Most people begin their journey at Tenterden where there is a cafe and gift shop. It is a leisurely 45 minute run through the Rother Valley. Trains cross at Wittersham Road. There are level crossings, signal boxes where the token is exchanged as well as a stop at Rolvenden to take on water. A trolly service provides drink and light refreshments on the train.
We began our journey at Bodiam, which is the least altered of the stations, still with its original station buildings. The toilet block is new, but designed to fit in with the rest of the buildings.

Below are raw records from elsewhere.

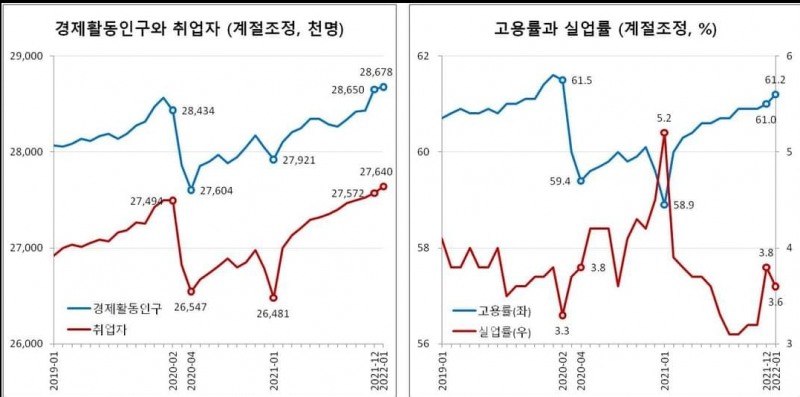 경제활동인구와 취업자, 고용률과 실업률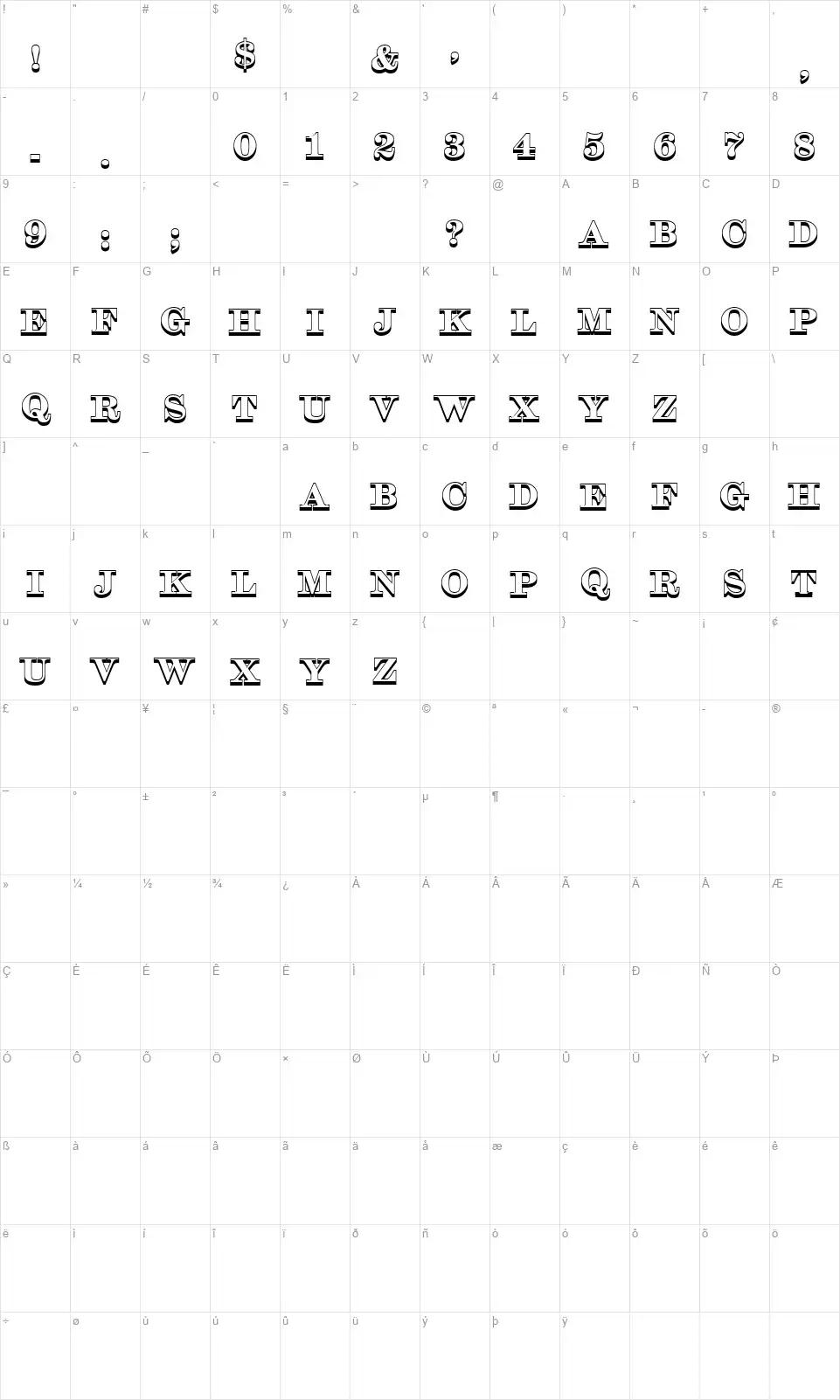 Style 806 Mapa de caracteres Style 806font character map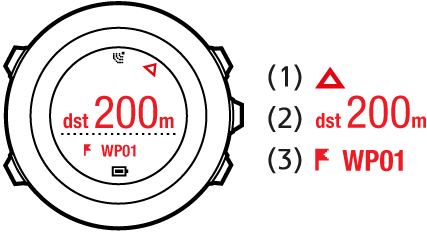 waypoint view Ambit2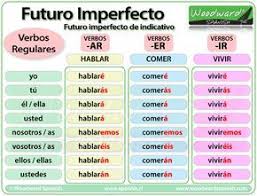 El Futuro Imperfecto Del Indicativo Spanish Future Tense Verbos En Espanol Ejercicios De Espanol Recursos De Ensenanza De Espanol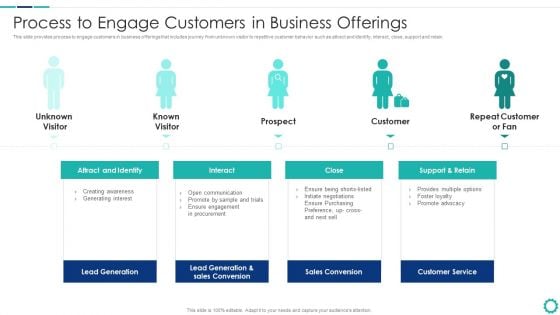 Creating Successful Strategies To Enhance Customer Experience Process To Engage Customers In Business Download PDF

There is a display of rolling stock, including the Cavell Van which was built in 1919 and was a prototype of the vans used for mail. This van was used to carry the bodies of Nurse Edith Cavell, Capt Charles Fryatt and the Unknown Warrior from Dover to london after the First World War.
We were pulled by the Swedish Loco Norwegian, buiit in 1919 which arrived at the railway in 1971.
Bodiam Station is surrounded by the fertile East Sussex countryside, half a mile south of Bodiam Castle. The hop fields and hop pickers trains are long gone and the oast drying houses seen between the trees are now upmarket houses.
The first part of the run from Bodiam follows the River Rother closely. Small settlements can be seen on the drier land on the edge of the valley. This is fertile sheep country with small fields and a lot of woodland with bluebells.
Northiam Station is a small country station a mile from the village, still with its original buildings. The Pullman train was waiting to pass us here.
The railway crosses border from East Sussex into Kent. Land is low lying and wet in places.
Tokens are swapped at Wittersham Road signal box. We passed the diesel rail car service at Wittersham Road Station, the most isolated station on the railway and three miles from the village which is built on higher and drier land. The station buildings here came from Borth, near Aberystwyth and the signal box from Deal Junction.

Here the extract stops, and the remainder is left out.